Water…We need it to live. We take it for granted. Yet millions of children don’t even have clean water to drink. Each minute, six children somewhere in the world die from diseases they catch from drinking unpurified water.
Earth is called the Blue Planet because water covers so much of its surface—three quarters of the earth is water. But 97 percent is salty and 2 percent is locked up in ice.
Which means there is only 1 percent left for people, plants and animals, and this is quickly disappearing or being polluted. In countries where clean water does not reach everyone—and there are many of them—it is the poor who suffer the most.
More than 1 billion poor people, mostly in remote rural areas do not have access to clean, fresh water. Women and children in these areas often have to walk for hours to collect and carry home enough water to meet their basic daily needs. Those poor people who live in city slums usually have to pay for water that is carried in by trucks. They often pay much more for the water they drink than the wealthier people who have water piped to their houses in the same cities. Nearly 3 billion people live without any sanitation.
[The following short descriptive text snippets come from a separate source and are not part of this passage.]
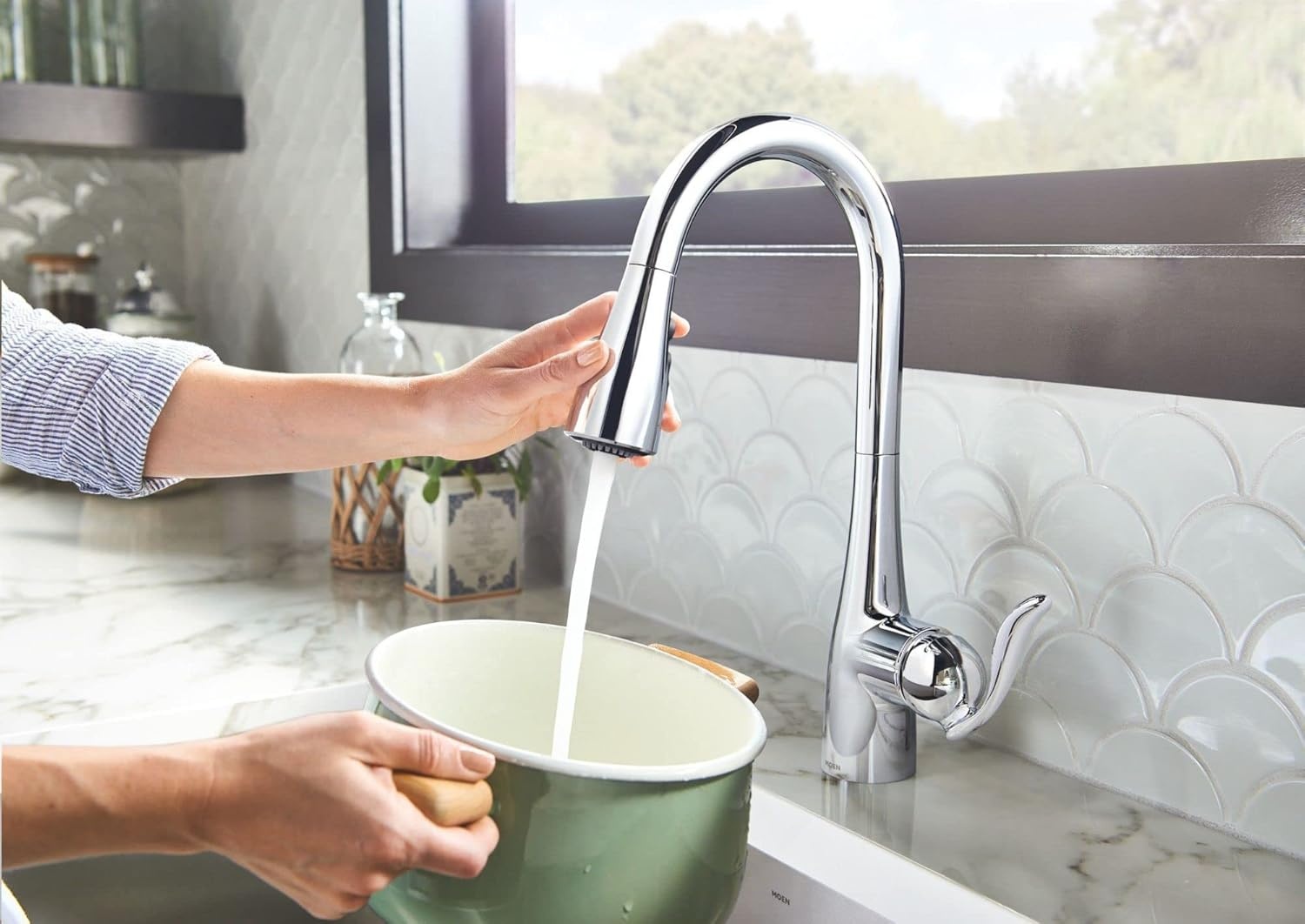 image:imageMoen Arbor Oil Rubbed Bronze Motionsense Wave Touchless OneHandle Pulldown Kitchen Faucet Featuring Power Clean 7594EWORBChrome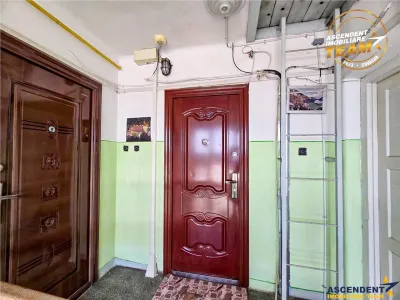 Decomandat apartament cu 2 camere, Lenin, Sfantu Gheorghe - foto 3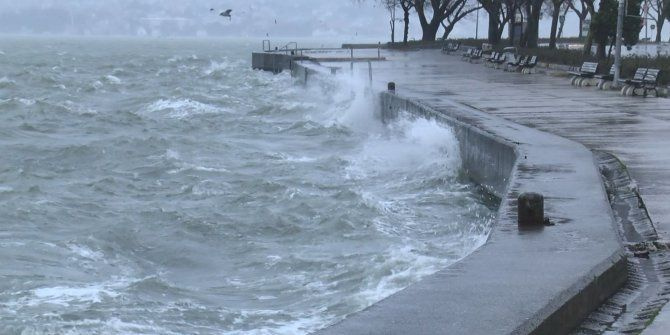 İstanbul'da 2 gündür devam eden fırtına ne zaman bitecek?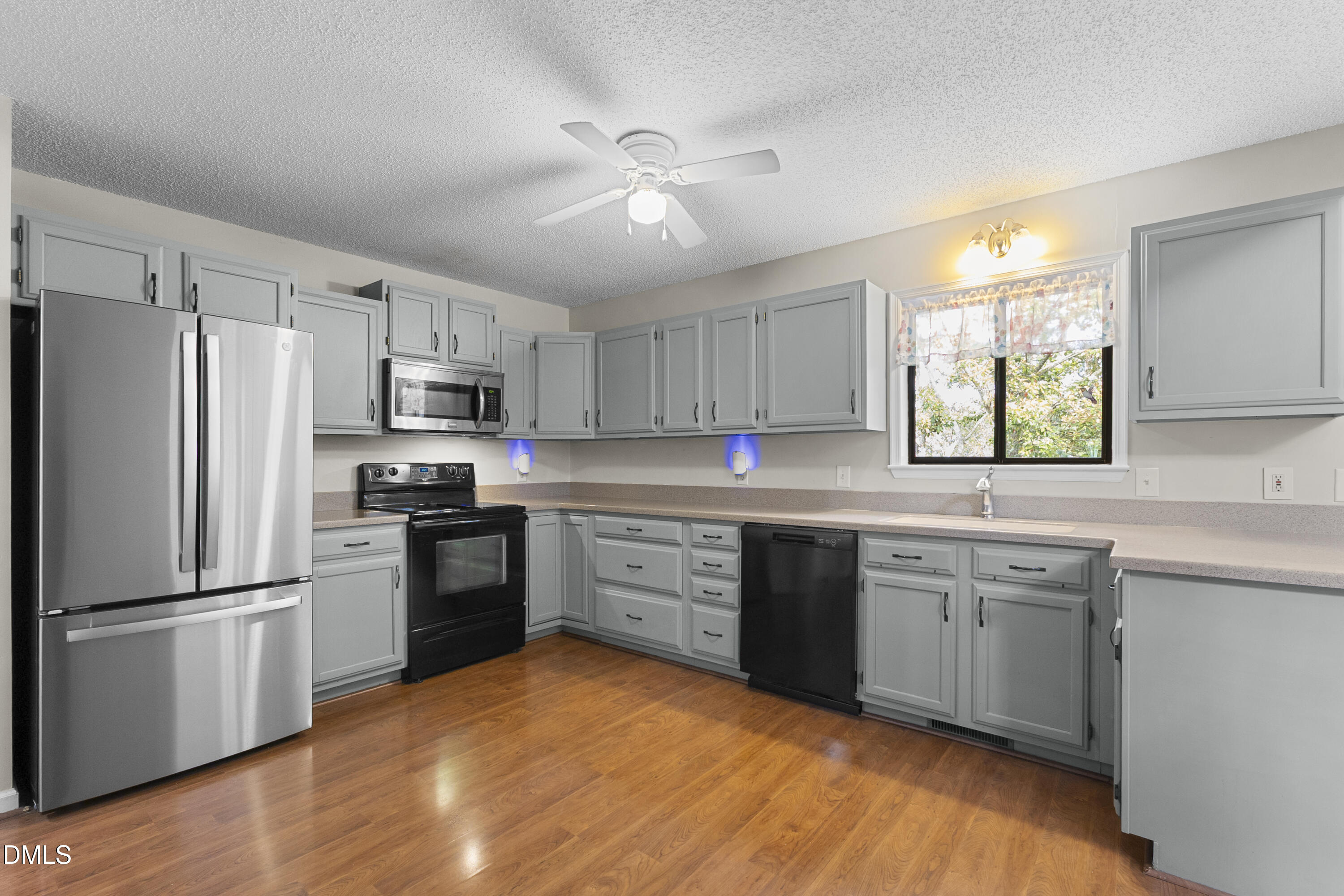 17 Coldstream Lane, Unit 6 Pinehurst, NC 28374 - Photo 47 of 62 17_coldstream_kitchen_3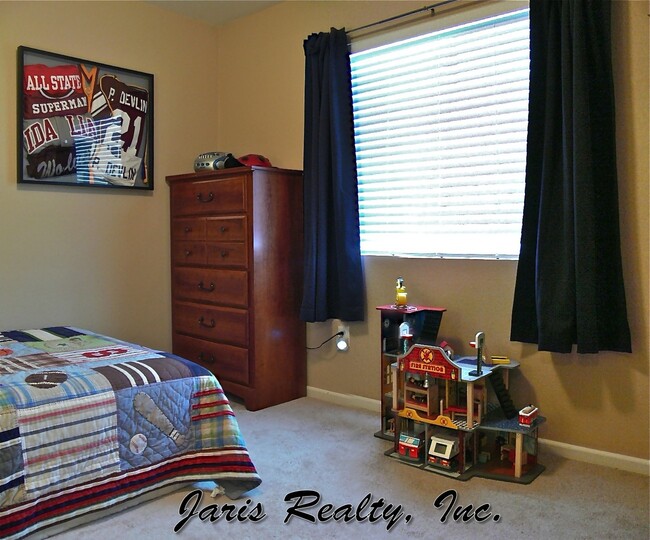 Building Photo - Immaculate just update  in the 4BR The Meadows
There is more to this issue than a lot of thirsty people. Lack of clean water and proper sanitation causes illness and bad nutrition. When children are sick or malnourished, they can't go to school to improve their lives. When there is not enough water, there is no way to irrigate crops, and so there is less food to eat or to sell for a living. When there is no water, there is no way to generate power to create electricity and run industries. Sometimes a shortage of water can cause conflict between countries that share water sources.
Not only do the poor suffer the most from lack of water, but lack of water creates poverty and suffering. Finding ways to protect our fresh water resources and get water to those who lack it is extremely important.
There are a couple of ways of how to bring safe water and sanitation to the entire world. One way is to provide funding directly to remote communities so that they can create their own safe water systems. Another way is to help governments manage their natural water resources without harming the environment, and to support the development of new solutions for delivering more water to more people in a sustainable way.